What the Halloween Sequels Need to Do With the “Wild Arc” They’re Going to Take
Long live Laurie Strode.
The David Gordon Green-directed and Danny McBride-written Halloween, released last year, was a smash horror hit. A direct sequel to the 1978 classic by the same name, the film was set in the present, in which Laurie Strode (Jamie Lee Curtis) has become a survivalist in the wake of her trauma, alienated from her daughter, Karen (Judy Greer), and granddaughter, Allyson (Andi Matichak). When Michael Myers returns to Haddonsfield, Illinois, the Strode women must face off against him, and they seemingly win.
However, this is Hollywood, so the sequel rule will prevail. It was recently announced that there would be two more Halloween films, Halloween Kills and Halloween Ends, to conclude the Laurie vs. Michael story. So far, all creatives have been brought back, and Curtis will also be starring.
Recently, producer Ryan Turek was asked about the future of the franchise, especially the decision to make a sequel after the seemingly concrete ending. Turek said, as reported by Entertainment Weekly, that “there were always musings of where we can go with it, but there was never any legit conversation until the film came out. And David always had something rattling in the back of his brain, him and Danny, always had an idea for kind of an arc—and it’s a wild arc! It’s crazy!”
What could be crazier than the showdown with Laurie that resulted in Michael being burned alive at the end of the last movie?
Most of my hopes for the franchise don’t actually revolve around the upcoming kills. One of my favorite things about the 2018 Halloween was that it was violent, but not aggressively so; outside of the gas station bathroom scene, the film felt very classic slasher rather than Saw movie. I hope that they maintain the reliance on suspense and tension rather than just making it a bloodbath, though I bet the body count will rise with each film.
I hope that all three leading ladies make it through the series okay, though I could see Laurie dying at the end of the third film or Karen being a sacrificial death in the second. While the screenwriting teams remain resolutely male, this is a story about women and generational trauma. I don’t want to see them get picked off one by one. Let’s have a little hope mixed in with the horror, as the like the triumphand ending of the 2018 film.
One of the best moments in the film was when Greer’s somewhat thankless mother role got to have her Big Damn Hero moment.
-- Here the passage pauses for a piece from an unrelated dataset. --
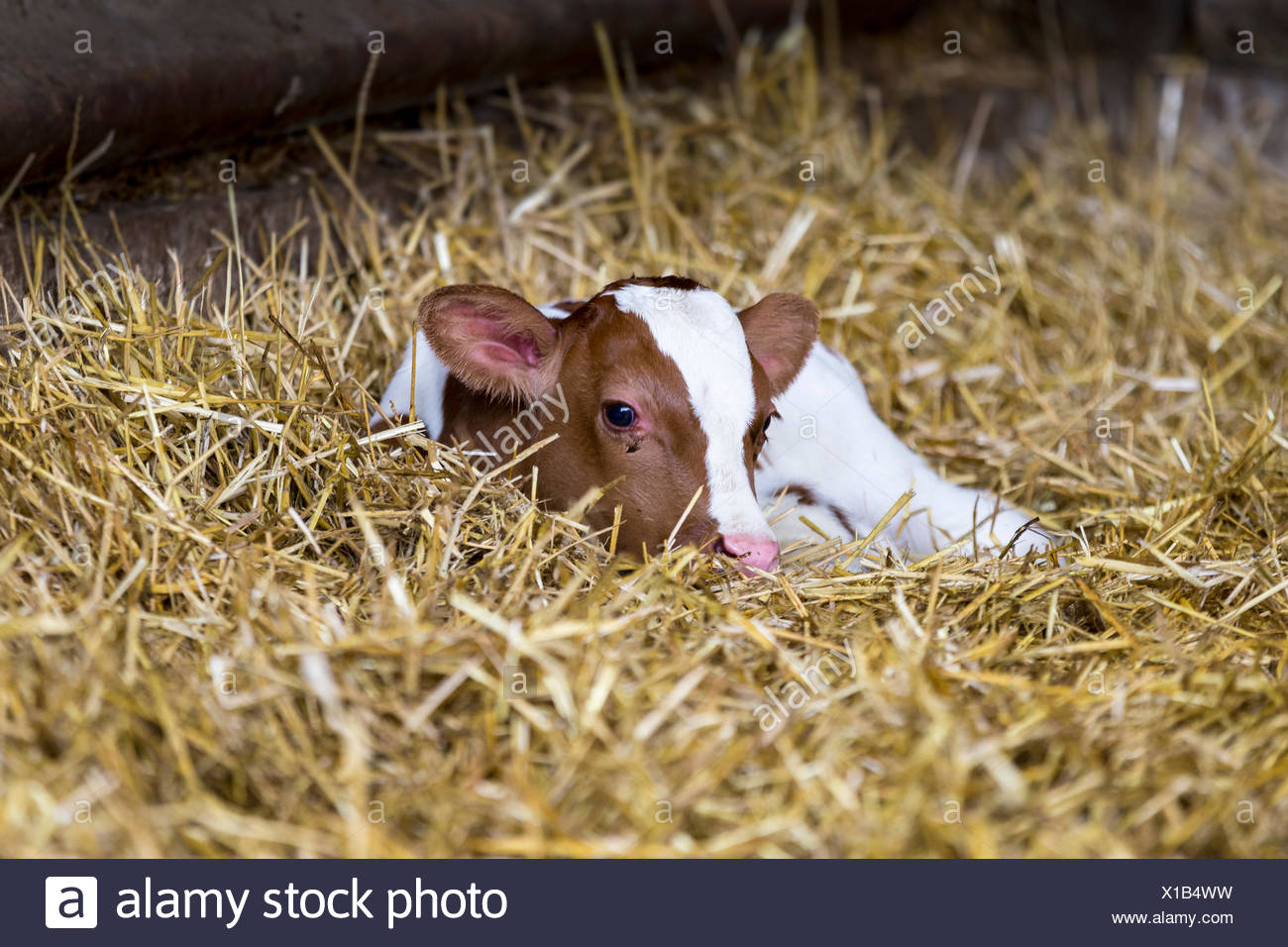 Calf In Straw High Resolution Stock Photography and Images - Alamy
We think she’s breaking down, but she’s only being loud to draw Michael’s attention so she can shoot him. It’s a fantastic little moment that showcases Greer’s talent, and I want to see Karen take on a larger and juicier role. How does Karen process both her unconventional childhood and her new trauma of being stalked, losing her husband, and nearly losing her mother and her daughter? Let Greer act, damn it!
Similarly, how does Allyson process her trauma? Will this be like a Sydney Prescott situation, where she and her family draw national media attention for their terrifying experience? Could social media play a role in the sequel?
There’s so much potential for the franchise to really comment on these women and make them even richer characters. While I’d love for a woman to be writing these films, if the male writers in charge just focus on making the commentary land a little better, an already great film could be even better. If Michael and Laurie must go, let them go out in style and with substance.
Also, if there must be a plot twist, let it be wild, but don’t let it be that Laurie and Michael are somehow related after retconning that out of existence. I’m sure there will be a third act reveal somewhere along the line, but please, just let it make sense.